A bigger antenna (more gain, like the CM 4228), on the roof (less signal attenuation) could easily do 50 miles, provided you aren't, e.g., at the bottom of a valley surrounded by tall mountains. I'm thinking La. there doesn't have much in the way of mountains .... How about trees, tall buildings, etc.?


----------



## homertiger (Feb 15, 2006)

I have trees, but I do not have any tall buildings and I am not in a valley. 
You have an antenna in your attic? That would be great! But would it work from the 50 mile range?


----------



## AcuraCL (Dec 12, 2005)

It *miiiiiiiggggghhhht* work if you used an antenna with more gain. An 8-bay bowtie has a higher net gain than my 4-bay bowtie, so it's possible ... worst case is to try it, and if the signal has too many dropouts, put 'er up on the roof.

The advantage to attic is it's protected and you can get to it easily if needed. Disadvantage is that you lose signal going through a roof/siding.

Here is a chart showing the gain of several popular antennas: http://www.hdtvprimer.com/ANTENNAS/comparing.html. The "net gain" chart has the more important data than raw gain.

And be sure to visit antennaweb.org, enter your address, and it will tell you what class of antenna you will need. Check back here after that for more specific recommendations.

Good luck !!


----------



## homertiger (Feb 15, 2006)

This is what was suggested by another web site:
1 CM 4228 uhf antenna
1 wade-delhi vip-306 vhf antenna
1 CM 7777 preamp
1 CM 9521a rotator
30' + antenna height from the ground

If I go and buy all of this I want to make sure it is going to work!
and you believe I will not have a problem, correct.
Thanks AcuraCL


----------



## AcuraCL (Dec 12, 2005)

I don't know that VHF antenna, not using one myself.

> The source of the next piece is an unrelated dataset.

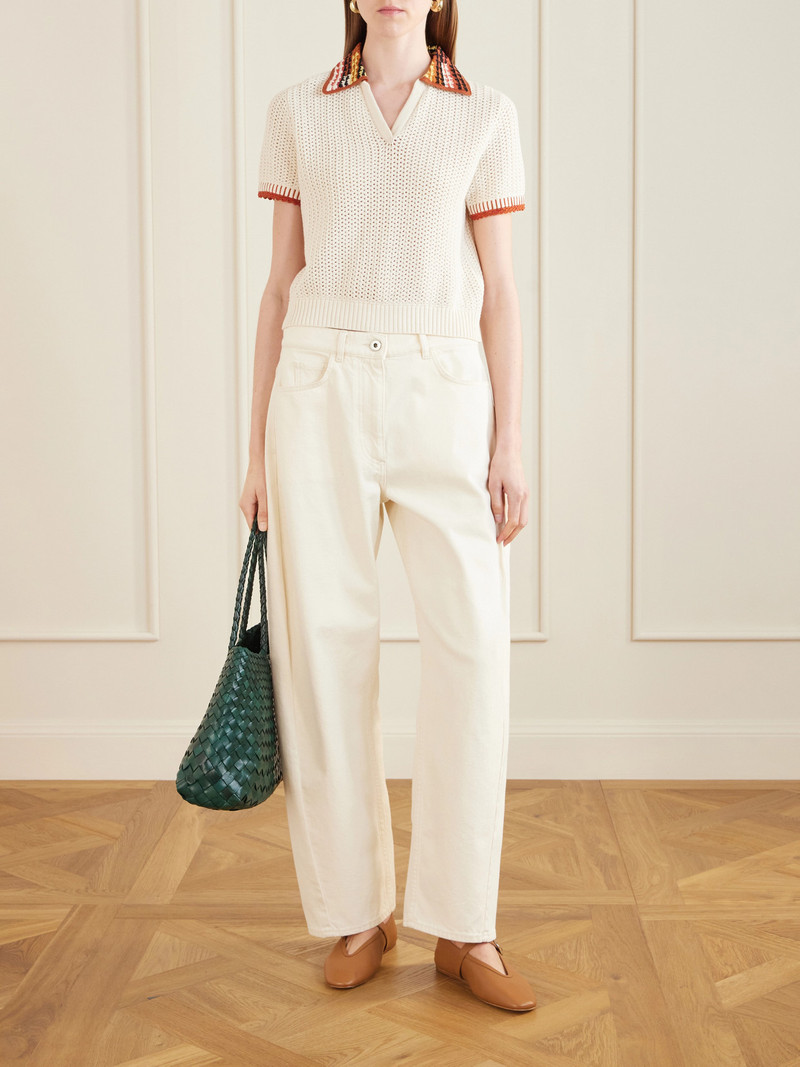ESCVDO Lauri Crocheted Cotton Polo Shirt outlook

But I know the 4228 kicks butt, and I personally have the 7777 and 9521A. They are both very good products.

I got my preamp and rotator off ebay, saved a bunch from buying commercially. The antenna I got from Ace Hardware, another good deal. Be sure to shop around as prices vary a lot. 

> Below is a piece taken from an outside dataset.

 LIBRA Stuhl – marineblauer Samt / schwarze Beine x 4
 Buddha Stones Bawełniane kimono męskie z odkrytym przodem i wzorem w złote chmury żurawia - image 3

You can start with the antenna and 75 ft. of RG6. Nail some nails to your rafters in the attic and use some wire or something to hang the antenna from the nails, attach the balun and cable, and run it down through the house (this is not your final, pretty installation, just a test) to your tuner and do a channel scan to see what you can pick up. (Antennaweb will tell you what channels you should be able to tune.) Be sure you have pointed the antenna in the direction of your main tower.

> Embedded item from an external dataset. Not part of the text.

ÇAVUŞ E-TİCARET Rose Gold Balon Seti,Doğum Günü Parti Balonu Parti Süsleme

If you pick up stations, turn the antenna toward the other towers and see if you can pick them up. If it all works, then get your rotator and go for the more permanant mount. If you are getting some dropouts, the preamp could be added to boost the signal. The 7777 preamp should be attached as close as possible to the antenna.

50 miles is going to be touch-and-go from the attic, but unless you're in a forest, should be do-able from the rooftop. But I do recommend doing some testing first. No rush to buy everything all at once if you aren't going to be able to get signal.


----------



## Fifty Caliber (Jan 4, 2006)

I would not install the antenna in the attic if installing it on the roof is an option. But then again I am not alergic to outdoor antennas like some people are.


----------



## Slordak (Dec 17, 2003)

I live 45 miles away from the Chicago broadcast towers and I'm able to receive all of my digital locals, with the exception of one low-VHF channel, using a large UHF/VHF antenna in my attic. If you have a reasonable highly-directional antenna intended for extreme range, and you have a relatively clear path (i.e. no mountains or other gigantic terrain features), it's quite possible to get 100+ signal strength even from 45 or 50 miles out.


----------



## Tower Guy (Jul 27, 2005)

homertiger said:


> I live approximately 50 miles from all of my local HD stations. Should I try to install an outside antenna or will I be wasting my time and money? What are some of the distances you guys are bringing in HD locals?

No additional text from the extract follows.